A long, unstitched piece of cloth draped around the lower body, the dhoti is a term for the traditional garment worn by men in different parts of India. It is usually paired with a kurta or a shirt. The word dhoti derives from the Sanskrit word dhauti, meaning “to clean or wash,” referring to the tradition of washing one’s clothing every day. Historically, the dhoti may have descended from an ancient garment called the antariya, which was worn around the waist and draped similar to the modern day dhoti.
Like the lungi, the dhoti is mostly made of cotton, however dhotis in other fabrics such as silk and tussar are often worn for special occasions. The most common method of wearing a dhoti involves knotting the two sides of the fabric at the centre of the waist, looping one side between the legs and pleating and tucking it at the back, while the remainder of the fabric is pleated and tucked in securely at the front. The result is a loose, trouser-like drape that typically ends at the ankles. The length of an average dhoti can measure anywhere between 3.6 m (which is wrapped around the waist like a sarong) to 4.55 m (meant to be looped and tucked at the back of the waist).

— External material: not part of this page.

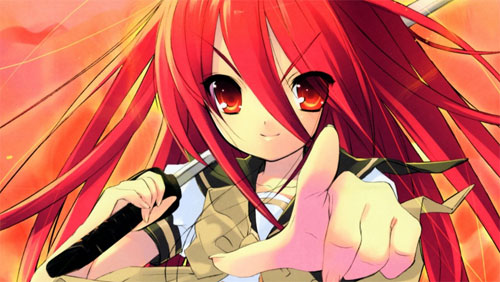 Shakugan no Shana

The dhoti is known by different names in different parts of India, such as dhotiyu in Gujarat, chadra in Punjab and dhotar in Maharashtra. The variations in the garment itself occur in the style of draping and the length at which it is worn. For example, the one worn in Bengal, called the kochano dhuti, includes pleats made at one end of the fabric, which are either held in the hand or tucked in at the front.